L'ANALISI
30 Maggio 2024 - 08:41
CREMONA - C’è poco da dire: questo Vespro ha fatto centro. Da dove cominciare? Dalle parole del sovrintendente Andrea Cigni, che festeggia il riconoscimento del Monteverdi Festival come festival di assoluto pregio riconosciuto dalla legge italiana: «Stasera sentiremo la musica di Cremona, la musica dei cremonesi. Il mondo dell’arte ha un debito di gratitudine nei confronti di questa città. Questa serata è un regalo a voi per ringraziarvi di essere cremonesi». O forse è meglio cominciare dal grande ritorno alla chiesa di San Marcellino, estatica cornice barocca che dopo anni torna ad ospitare il Festival, illuminata di tutto punto e, finalmente, con seggiole numerate (e pure comode!).
O dal pubblico di cremonesi e tanti, tanti forestieri, anche stranieri, che ha occupato da settimane tutti, ma proprio tutti, i posti disponibili. O dal Festival stesso, che ha voluto inaugurare il Festival più di due settimane prima dell’apertura ufficiale con Orfeo con un regalo alla città come il Vespro, che, come vuole la tradizione, è ogni anno presente nel cartellone del Festival. O si deve partire dall’emozione di una serata così importante che segna l’inizio di un nuovo corso per questo Festival. No, cominceremo invece dalla assoluta perfezione esecutiva di questo Vespro. Nel Vespro si scorgono tutte le modalità compositive predilette dal divin Claudio, le stesse che poi replicherà – e che aveva già in parte sperimentato – nella produzione madrigalistica e nel teatro musicale.

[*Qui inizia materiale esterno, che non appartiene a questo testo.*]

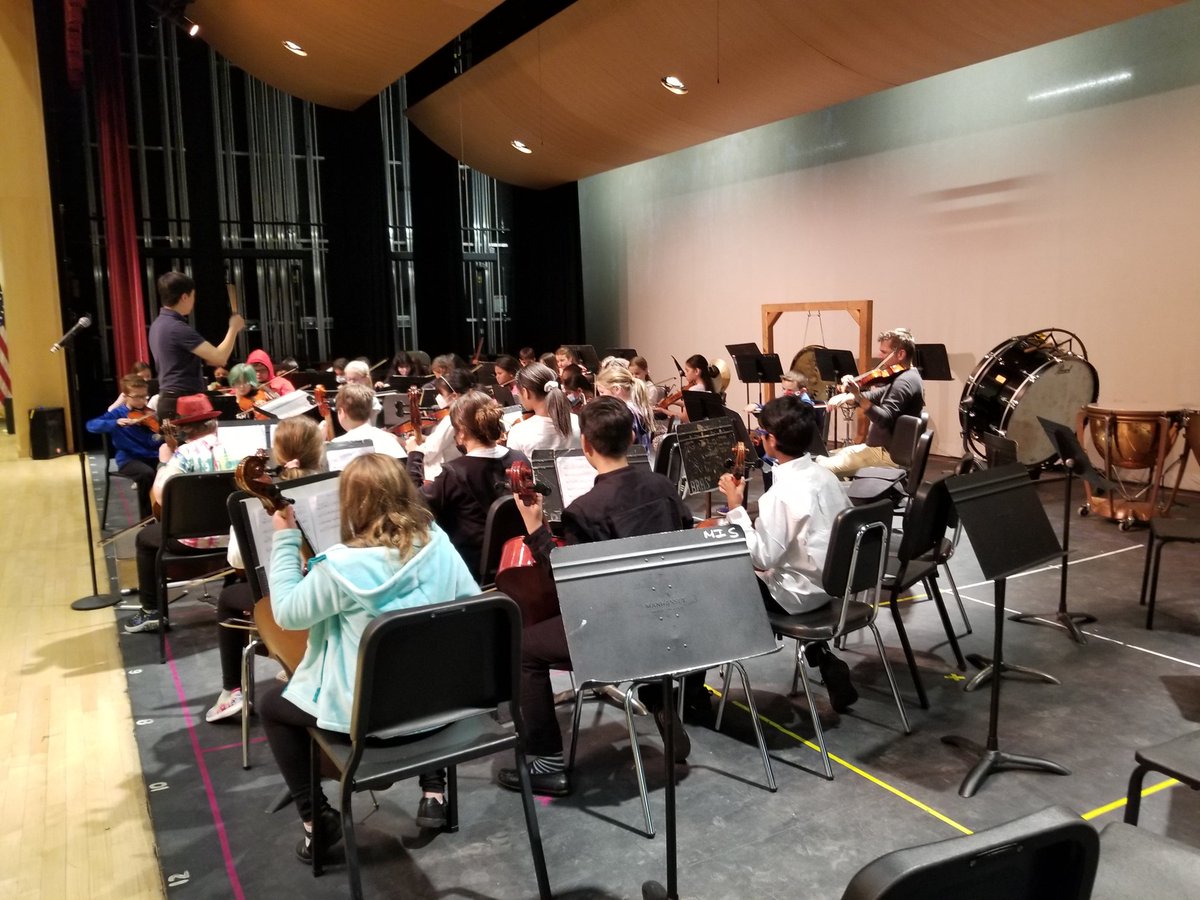 BRMSband's tweet photo. The 4th and 5th orchestra is rehearsing for their concert tomorrow and they sound fabulous! The band sounded great too! MIS and PMES have HUGE programs with one amazing teacher-- way to go Mr. Kim!! #musiced #musiceducation #elementaryband #elementaryorchestra #springconcert ๐ป๐ถ https://t.co/xE5MWwTWo9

Il Vespro è, per riassumere, la summa concettuale della ‘seconda prattica’, ossia la grande rivoluzione tecnica di cui Monteverdi si fece teorico (con l’aiuto del fratello Giulio Cesare) e interprete. Quella ‘seconda prattica’ che tutto influenzerà e cambierà irrimediabilmente in tutta la musica occidentale successiva. Per questo lo slogan un po’ ruffiano ma tutto sommato veritiero di questo Festival è «Dove tutto è nato e tutto rinasce». E noi rinasciamo da questo Vespro. Una composizione che è già perfetta così com’è, l’ha spiegato Ottavio Dantone, ma che risulta semplicemente celestiale – e non c’è altro modo per definirla – se suonata come è stata suonata ieri sera. Impeccabili, brillanti e sublimi la direzione e la concertazione di Dantone, che si conferma interprete di rara intelligenza per il repertorio antico.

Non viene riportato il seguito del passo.